Abstract
Purpose:
Previously, we demonstrated that intraocular pressure (IOP) altered according to the head position in lateral decubitus posture in healthy subjects. This study aimed to investigate the effects of different head positions in lateral decubitus posture on IOP in medically treated eyes with open-angle glaucoma (OAG).
Methods:
Twenty patients with bilateral open-angle glaucoma (OAG) who received only latanoprost for treatment were included in this prospective observational study. IOP was measured in both eyes using Icare Pro rebound tonometer in the sitting position and the recumbent positions including supine position, right lateral decubitus position (LDP), and left LDP. In right or left LDP, IOP measurements were taken with 3 different head positions (30° higher, 30° lower and parallel to the center of the thoracic vertebra) in a randomized sequence.
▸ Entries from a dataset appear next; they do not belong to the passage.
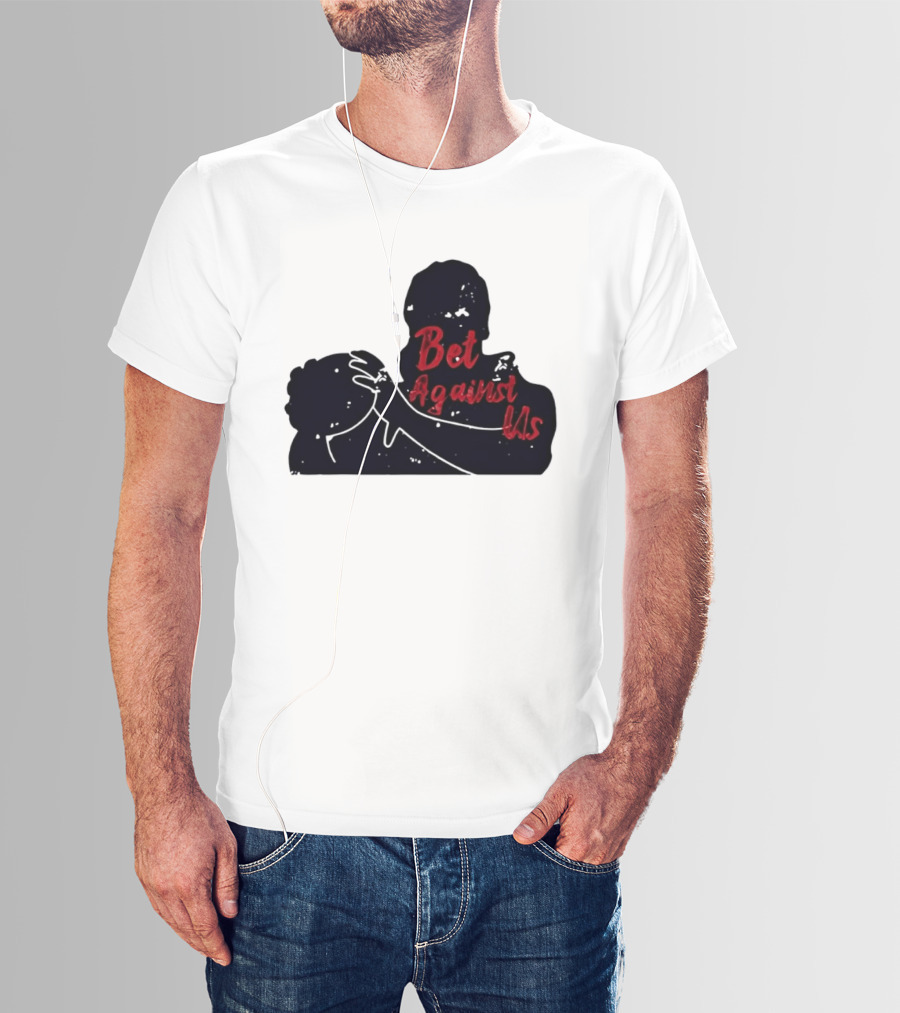 Bet Against Us Red Script Embracing Figures White Line T-Shirt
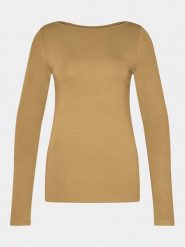 Gap Bluzka 540606-06 Beżowy Slim Fit. Brązowe bluzki GAP, xs, bez wzorów, z bawełny, bez kołnierzyka, bez ramiączek. Za 79.99 zł.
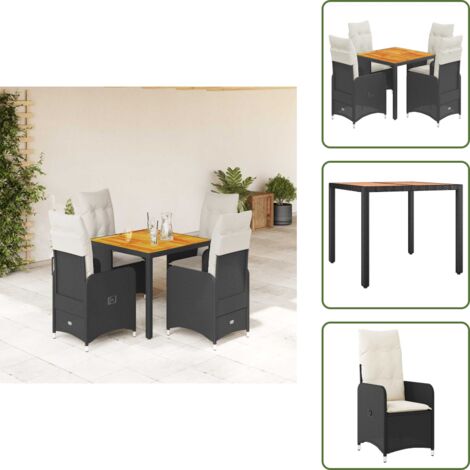 The Living Store Set Bistrò da Giardino 5 pz con Cuscini in Polyrattan Nero - Tavolo da giardino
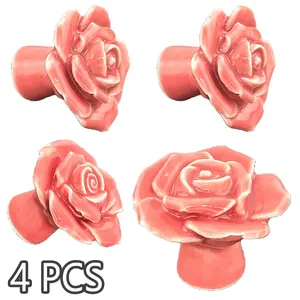4 Pack Pink Rose Ceramic Cabinet Knobs – Decorative Floral Drawer Pulls with Mounting Screws, Elegant 3D Rose Shaped Knobs for Kitchen Cabinets, Bathroom Vanities, Dressers, Wardrobes, Nightstands, Bookcases and Home Improvement Projects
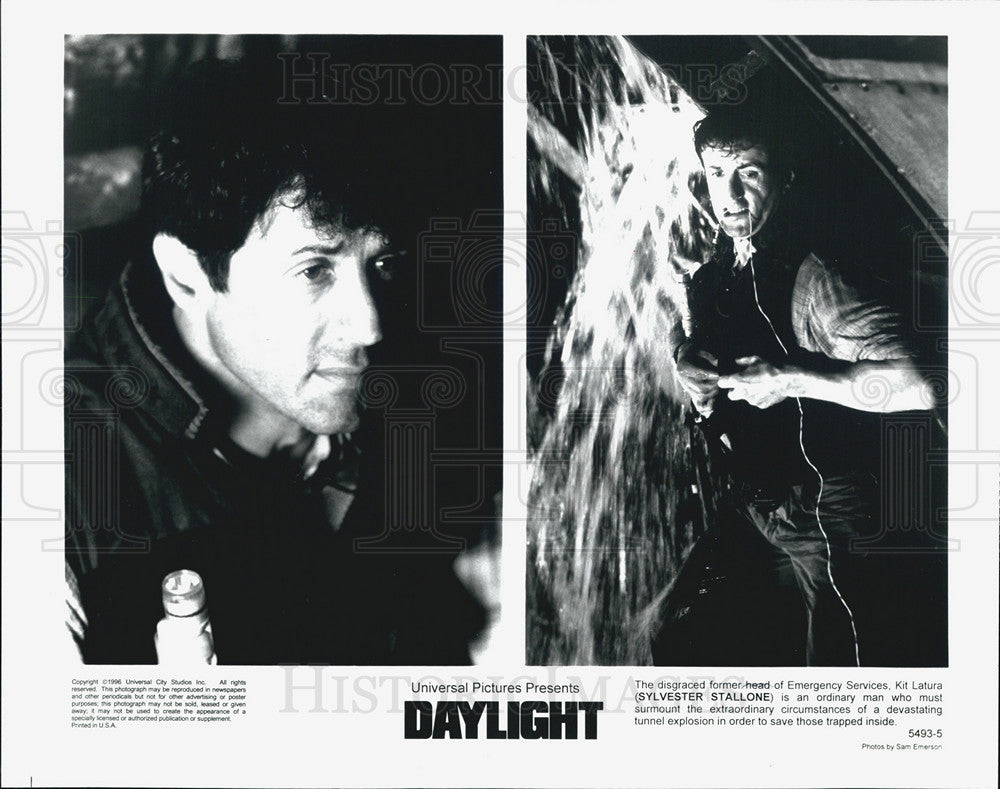 1996 Press Photo Sylvester Stallone in &quot;Daylight&quot; - Historic Images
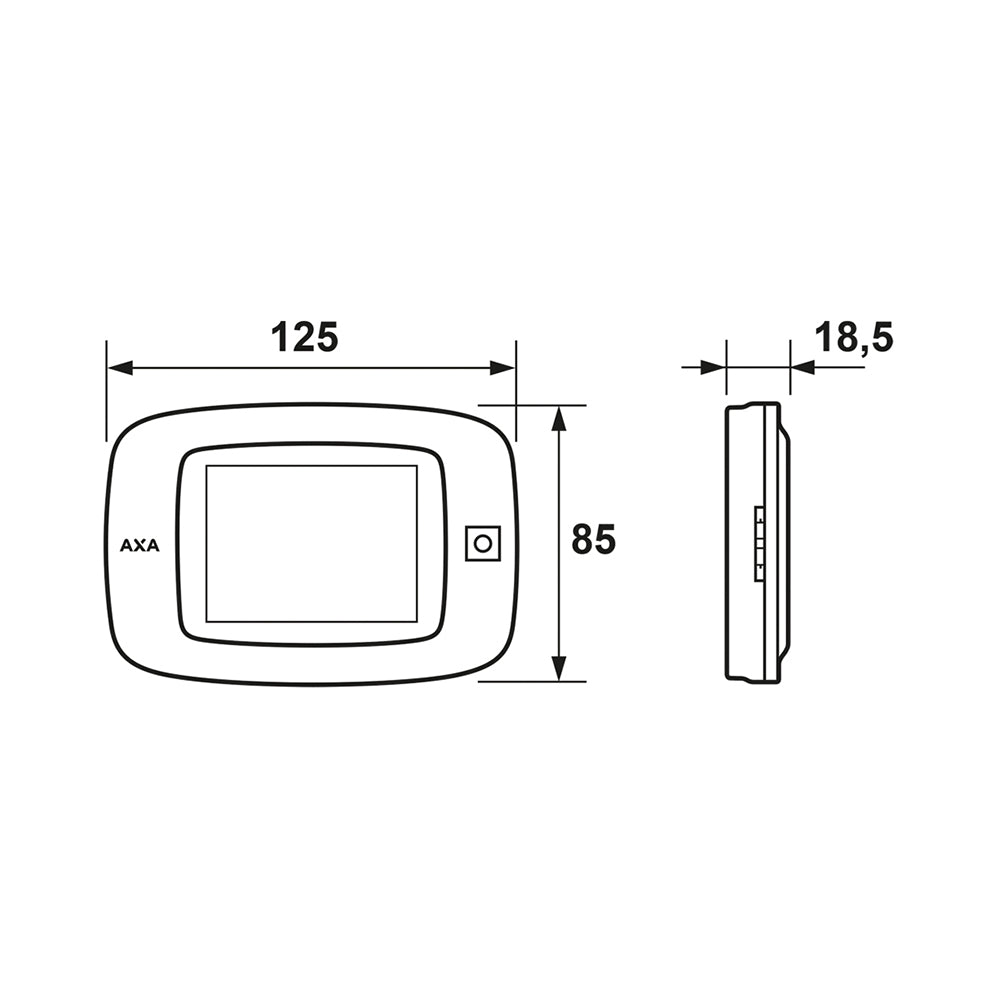 Technische tekening digitale deurspion AXA DDS2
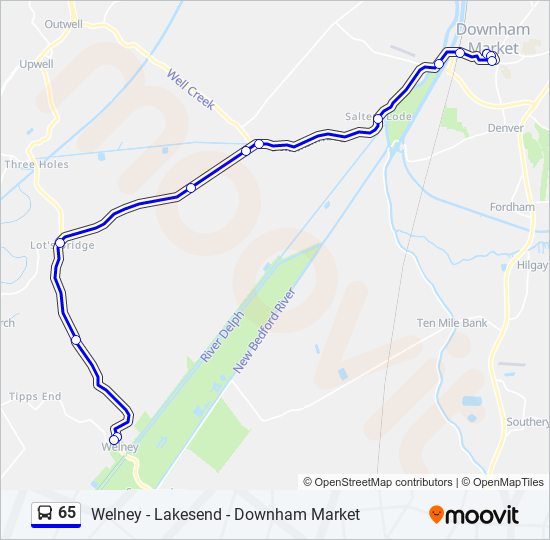 65 bus Line Map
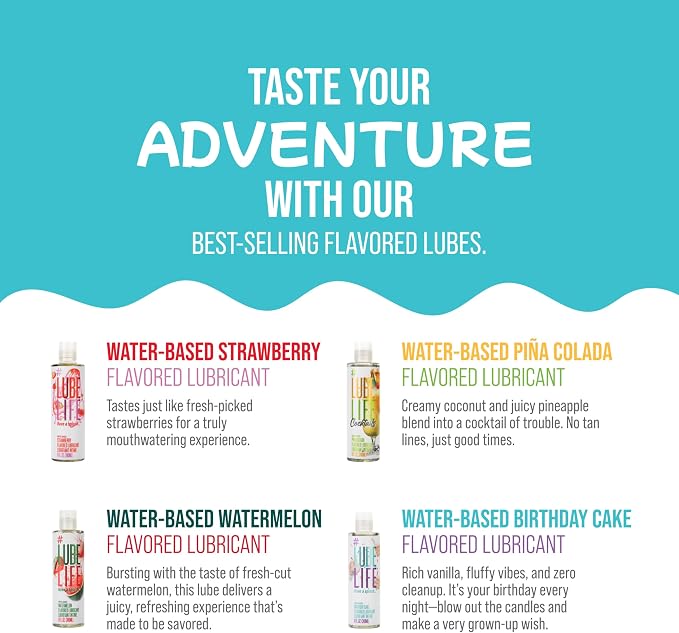 LUBELIFE Flavors Pack, Water-Based Flavored Personal Lubricants 8 x 0.3 Oz - Strawberry, Watermelon, Birthday Cake and Pina Colada lube for Men, Women and Couples, Made Without Added Sugars
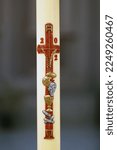 Small photo of Paschal candle in a catholic church. France.
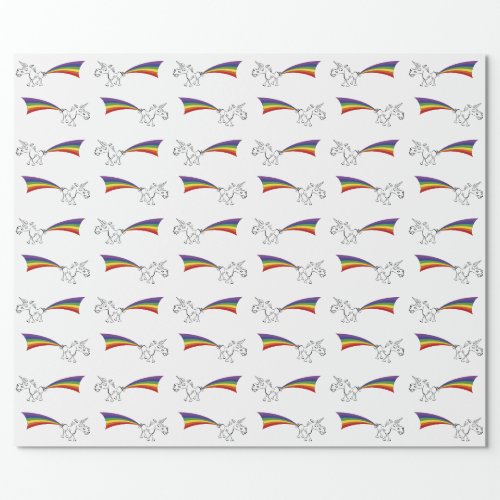 Unicorn farting a rainbow wrapping paper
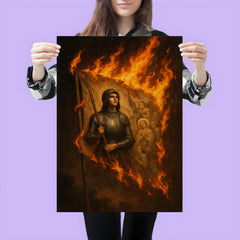 Joan of Arc banner in flames poster 3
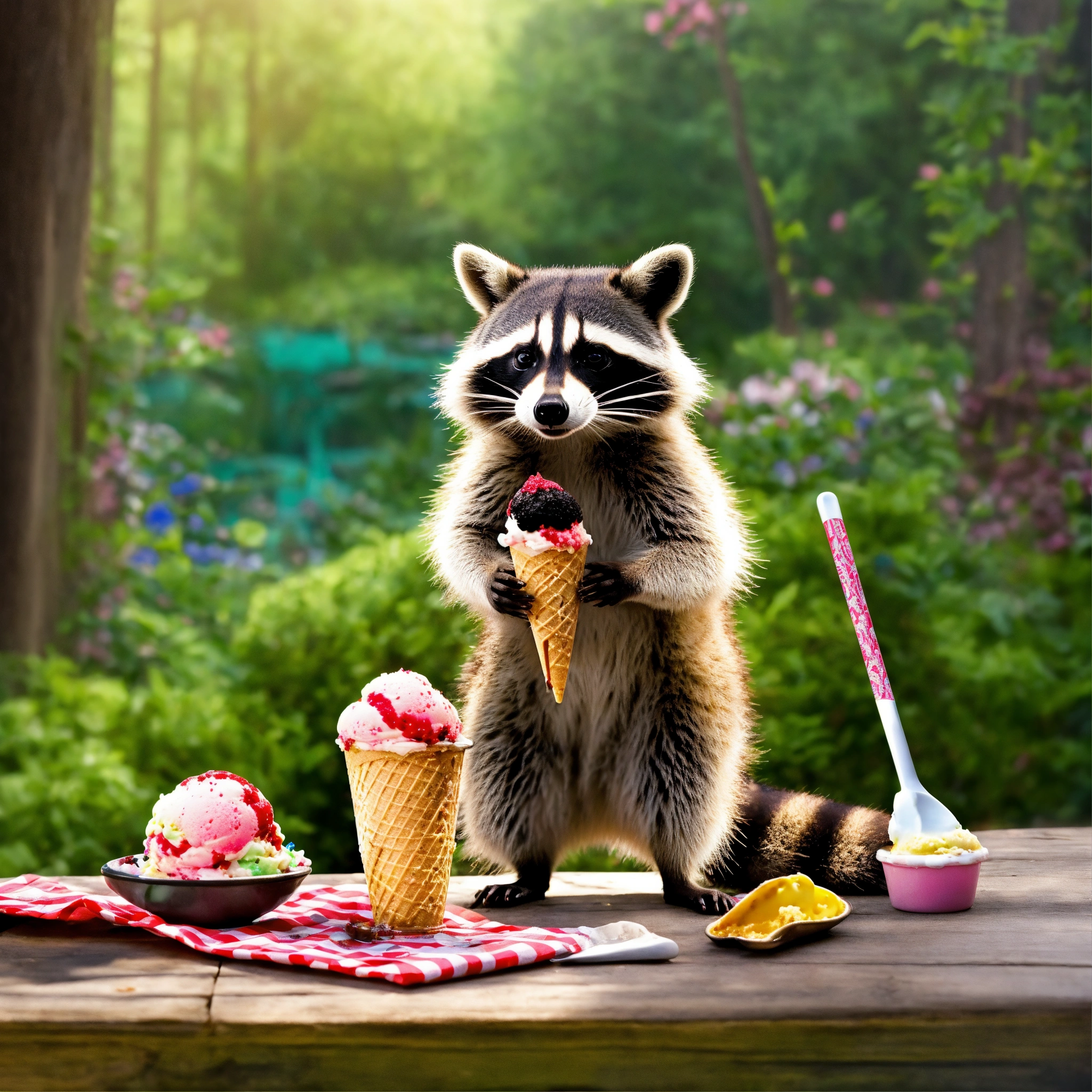 Lexica - A Raccoon finding ice cream, life-like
The eye on the lower side in the LDP was termed the dependent eye. We compared the IOPs between the dependent and non-dependent eyes in the LDPs with different head positions. We also analyzed the differences in IOPs between the better-mean deviation (MD) eyes and worse-MD eyes in those postures.
Results:
IOP was higher in the dependent eyes than in the non-dependent eyes in LDP, regardless of the head position (all p< 0.05). Lower head position significantly increased the IOP of dependent eyes, compared with the neutral or higher head position in LDP. However, the amounts of IOP elevation seen during the changes of body posture or head position were not significantly different between the better-MD and worse-MD eyes.
Conclusions:
Low head position elevates IOP of the dependent eyes of medically treated OAG patients compared with neutral head position in the lateral decubitus posture. Adjustment of the height of a pillow may help mitigate IOP elevations resulting from lying on the side with a low or no pillow in glaucoma patients.